Text-only streaming:

```bash
curl -N -X POST "$BASE_URL/v1/chat/completions" -H "Authorization: Bearer $API_KEY" \
  -H "Content-Type: application/json" \
  -d "{\"model\":\"$MODEL_ID\",\"stream\":true,\"messages\":[{\"role\":\"user\",\"content\":\"List the visible safety risks.\"}]}"
```

Uploaded-video-backed chat:

```bash
curl -X POST "$BASE_URL/v1/chat/completions" -H "Authorization: Bearer $API_KEY" \
  -H "Content-Type: application/json" \
  -d "{
    \"model\": \"$MODEL_ID\",
    \"id\": \"$FILE_ID\",
    \"messages\": [{\"role\":\"user\",\"content\":\"What happens in this video?\"}]
  }"
```

Direct `video_url` chat:

```bash
curl -X POST "$BASE_URL/v1/chat/completions" -H "Authorization: Bearer $API_KEY" \
  -H "Content-Type: application/json" \
  -d '{
    "model": "nim_nvidia_cosmos-reason2-8b_hf-1208",
    "messages": [
      {
        "role": "user",
        "content": [
          {"type": "text", "text": "Describe the video with timestamps."},
          {"type": "video_url", "video_url": {"url": "http://host/path/clip.mp4"}}
        ]
      }
    ]
  }'
```

Direct `image_url` chat:

```bash
curl -X POST "$BASE_URL/v1/chat/completions" -H "Authorization: Bearer $API_KEY" \
  -H "Content-Type: application/json" \
  -d '{
    "model": "nim_nvidia_cosmos-reason2-8b_hf-1208",
    "messages": [
      {
        "role": "user",
        "content": [
          {"type": "text", "text": "What is visible in this image?"},
          {"type": "image_url", "image_url": {"url": "http://host/path/frame.jpg"}}
        ]
      }
    ]
  }'
```

RTSP/live-stream-backed chat can use an active stream id on builds whose live
OpenAPI exposes `id` for chat requests:

```bash
curl -X POST "$BASE_URL/v1/chat/completions" -H "Authorization: Bearer $API_KEY" \
  -H "Content-Type: application/json" \
  -d "{
    \"model\": \"$MODEL_ID\",
    \"id\": \"$STREAM_ID\",
    \"messages\": [{\"role\":\"user\",\"content\":\"What is happening on this live stream right now?\"}]
  }"
```

## Optional NIM-Compatible Endpoints

- `POST /v1/completions` exists for compatibility, but on current 26.05 builds text-only
  legacy completion requests return HTTP 400 by design.
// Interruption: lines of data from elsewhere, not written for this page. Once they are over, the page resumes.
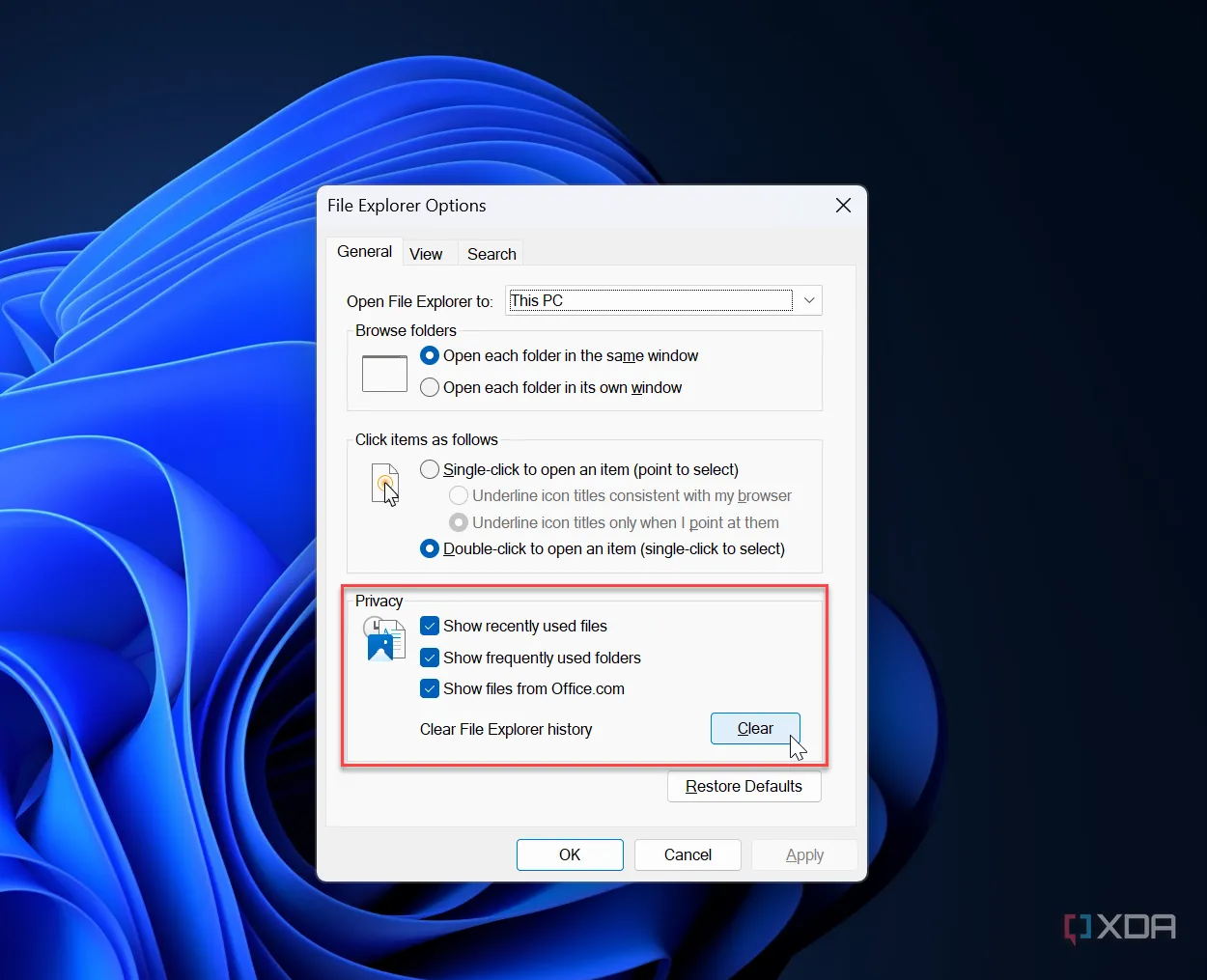 Các bước xóa bộ nhớ đệm File Explorer trong cài đặt Tùy chọn Thư mục trên Windows 11 để cải thiện hiệu suất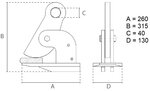 Horizontaal plaatklem 2,5 ton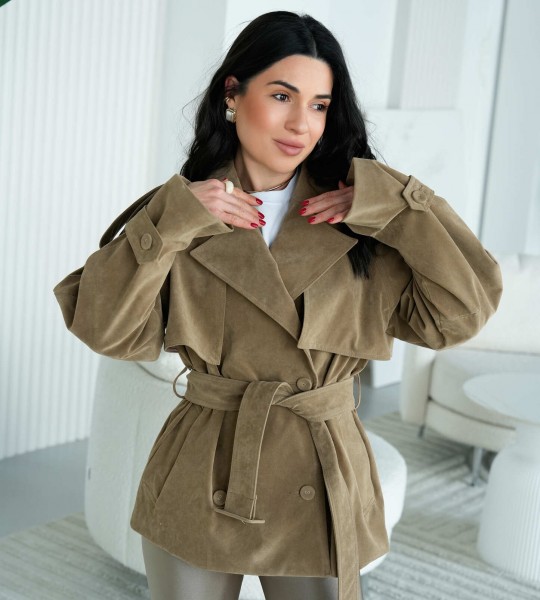 Тренч Suede Flow Оливка | Showroom By Nona — зображення 3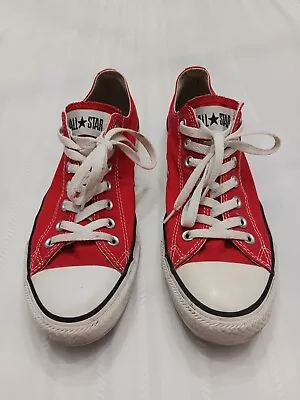 Vintage Converse All Star M9696 Red Canvas Low Top Size 9 • $49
Use
  `/v1/chat/completions` for text-only and multimodal requests.
- Do not assume `/v1/license` exists. The current 26.05 live OpenAPI does not expose
  it and the endpoint returns 404; only call it after checking
  `GET /openapi.json`.
- `GET /v1/assets/stats` reports asset storage counts, TTL, and oldest-asset
  age when exposed by the live OpenAPI.